From Pastoral to Political
One more Hindi novel goes waste in trying to proselytize, in trying to turn itself into an idealism.
Three young men sleep under a hundred year old banyan tree, and the tree manifests as a humanoid in the dream of one. It goes on to enumerate the history of the listener's family, conjoining it with the history of the village. 19th century pastoral life in what is today's northern Bihar, rife with superstitions and calamity, is evoked. Feudalism is bashed. Even Hindu tradition is bashed. One likes the novel here, likes its naivete and its simple execution. A passage from the novel will exemplify this:
मनुष्यों की बलि चाहनेवाले यक्ष-गन्धर्व, देव-देवियाँ और ब्रह्म अब बाहर नहीं रह गए -- मोती जिल्दोंवाले पुराने पोथों की बारीक पंक्तियों के अन्दर आज वे नज़रबंद हैं। राजाओं, पुरोहितों, सामंतों और तीर्थकरों की बातों का बढ़ा-चढ़ाकर बखान करनेवाले बहुत सारे विद्वान सुदूर अतीत की उन क्रूर घटनाओं पर अब भी पर्दा डाले हुए हैं; वह उन लोगों के लिए सतयुग है, स्वर्णयुग है ! साधारण जनता का स्वर्णयुग तो अब आने वाला है बेटा !
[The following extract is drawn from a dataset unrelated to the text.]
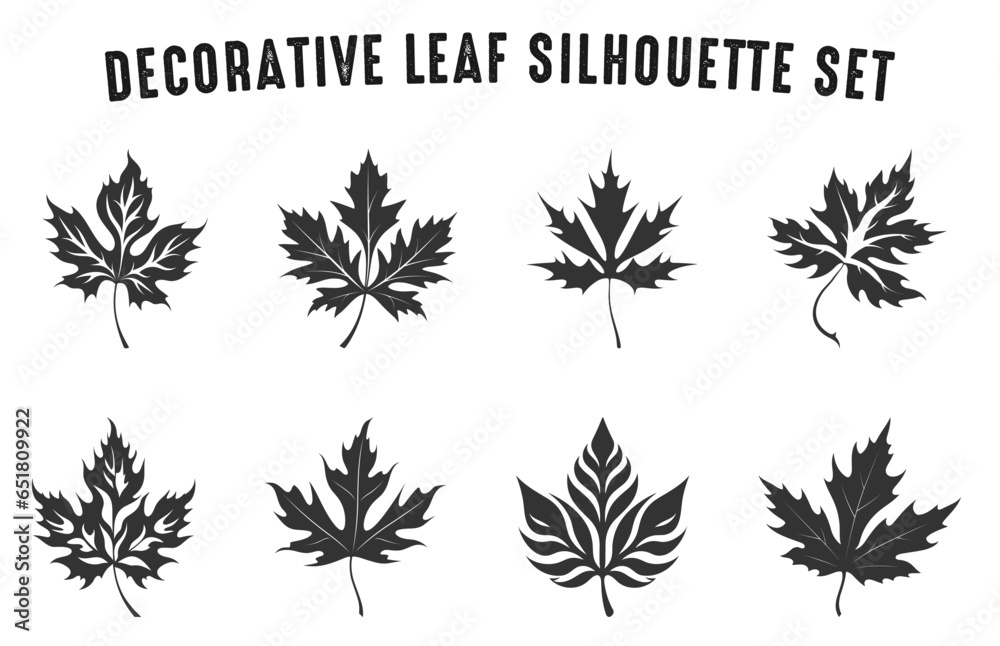 Decorative Leaf silhouettes vector bundle, Set of Decorative leaves silhouette clipart, Various leaves silhouette on an isolated white background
But then the novels takes a historical turn - it zooms out of the village and acquires a nationalistic tone. India's struggle for independence is given as a crash course. One wonders why one is reading a compression like this one - till one realizes that Nagarjun's desire is to move the entire discussion toward a political ideology. Suddenly the novel becomes disingenuous; it loses its earlier qualities.
Ultimately the political aim becomes clear. The banyan tree falls in an area that can be understood as a commonly owned area. With the fall of the old-Zamindari system, such lands are also up for grabs in the market. What was public property is on course to become private. The novel thus proposes, as a counter to this post-feudal effect, Socialism through its tool of Socialist Realism. The establishment of pseudo-communist Kisaan Sabhas is posited as a synonym for progress. While there is no real problem in this per se, one has to evaluate it considering the effect it has on the novel - for Nagarjun chose the medium of the novel and not of the essay to say what he had to say. The novel fails, because it wants to do too much. It remains simple throughout, but that innocence that it needed to strengthen its simplicity with, is shed somewhere in the middle. And when that happens, the novel just becomes silly. In the end, the idea of the old banyan tree dying and a new one planted in its place, while meant as a sign of progress, falls flat as bad propaganda.